◆ Your goal ◆
Only lines, not pictures: please repeat exactly the lines from the one with "Foreign butterflies à" through the end of the listing.
======== Recorded data ========
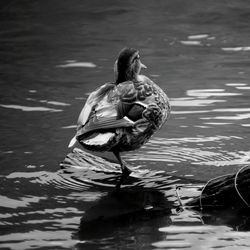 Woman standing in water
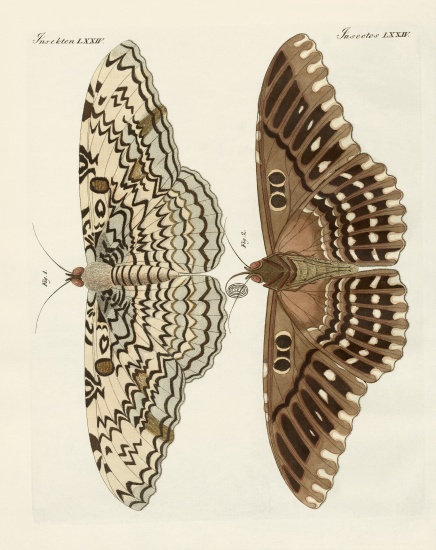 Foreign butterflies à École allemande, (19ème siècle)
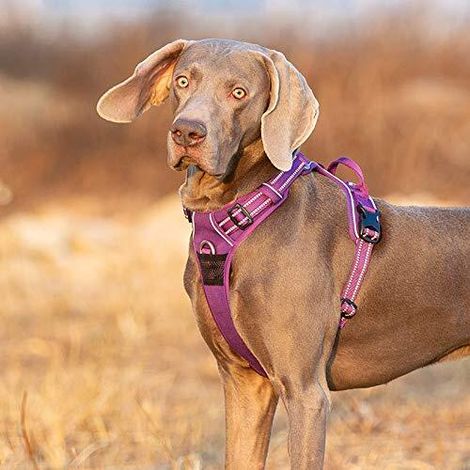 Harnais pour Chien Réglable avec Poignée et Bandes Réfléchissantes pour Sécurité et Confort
========
◆ Written solution ◆
 Foreign butterflies à École allemande, (19ème siècle)
 Harnais pour Chien Réglable avec Poignée et Bandes Réfléchissantes pour Sécurité et Confort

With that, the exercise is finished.